Certain other types of domestic violence also carry harsher punishments. Assault and battery by strangulation is punishable by up to 3 years in prison, and assaulting a pregnant woman is punishable by up to 5 years. For every type of domestic violence in Oklahoma, punishment increases for multiple offenses.

Consequences of a Domestic Violence Conviction

We’ve talked about jail time and fines, but the consequences for a domestic violence conviction can last long after you’ve served your time. While misdemeanor convictions can be expunged, you’ll have to wait anywhere between 1 and 5 years from the date your sentence ends. That’s plenty of time for it to affect your life—and felonies can’t be expunged at all. Additionally, federal law will prevent you from owning a firearm after a conviction for domestic assault and battery, regardless of whether it is a felony or misdemeanor.

You Can Lose Your Rights

If you’ve been convicted of domestic violence in Oklahoma, you may lose your right to own and carry a firearm—even if it was a misdemeanor. (Yes, that’s right. Expunging a misdemeanor domestic violence conviction still won’t restore your gun rights.) With a felony conviction, you’ll also lose your right to vote for a certain amount of time, and permanently lose your right to run for office and serve on a jury.

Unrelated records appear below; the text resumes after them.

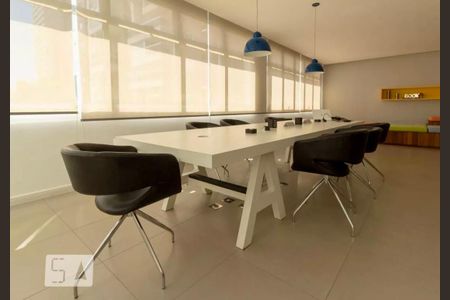Studio à venda com 34m², 0 quarto e 1 vaga Studio à venda com 34m², 0 quarto e 1 vagaCoworking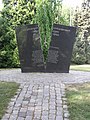 Begraafplaats Graafseweg, monument 22-02-1944.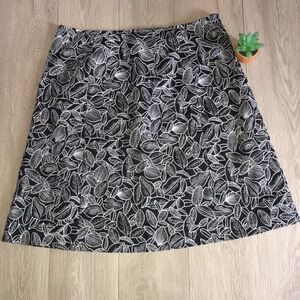 Talbots skirt Petites -Leaf Print Black and White Skirt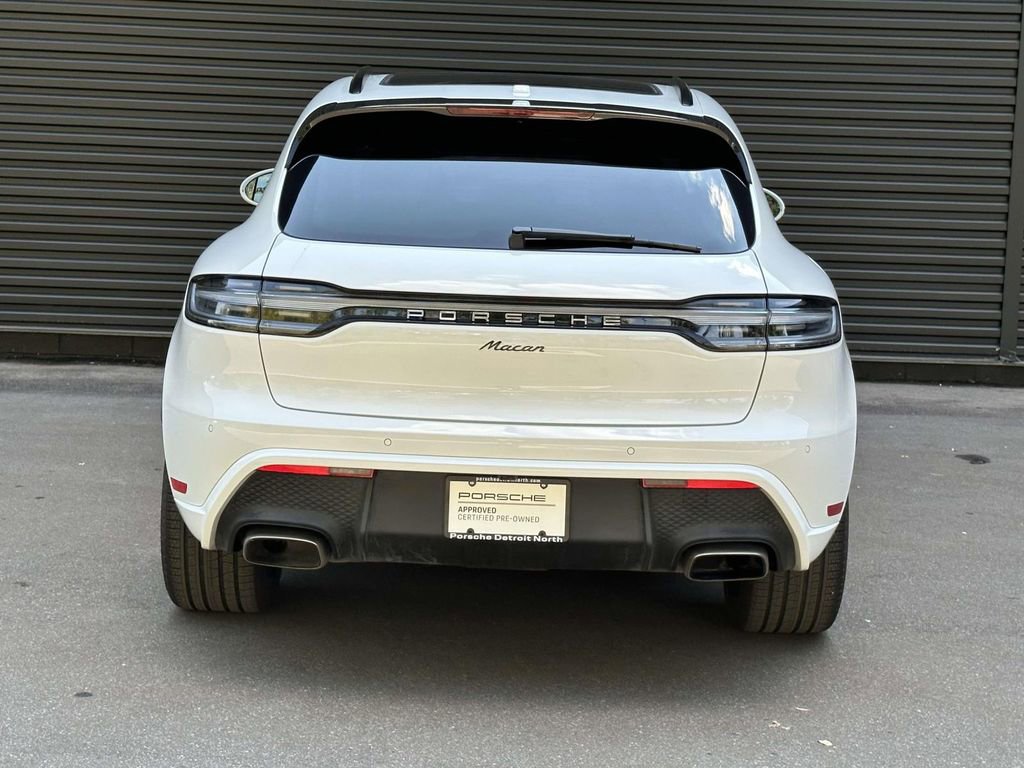 Certified 2025 Porsche Macan image 30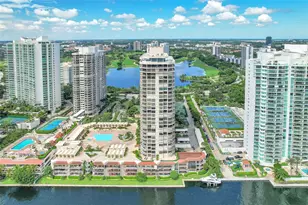 20191 E Country Club Dr, Aventura, FL 33180 - Photo 34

It Can Affect Divorce and Custody Cases

Worse than losing your rights, you could lose custody of your children. If you’re alleged to have committed domestic violence in the presence of a child, Oklahoma ​Child Protective Services (CPS) will open an investigation that could end with your child being removed from your home. In addition, spouses often use these convictions to file for sole custody or to argue for a larger settlement during divorce proceedings—and judges find these arguments convincing.

You’ll Fail Background Checks

Even a misdemeanor conviction stays on your record for 1 to 5 years, and during that time, employers, landlords, and anyone else who runs a background check will see it. Because of this, many people with domestic violence convictions struggle to find housing and employment. Even if you’re not immediately disqualified from employment or housing, a criminal record puts you at a disadvantage.

The Bottom Line

In Oklahoma, a domestic violence conviction on your record has serious consequences long after you’ve completed your sentence. Hiring an experienced criminal defense attorney is essential to defend against these serious charges.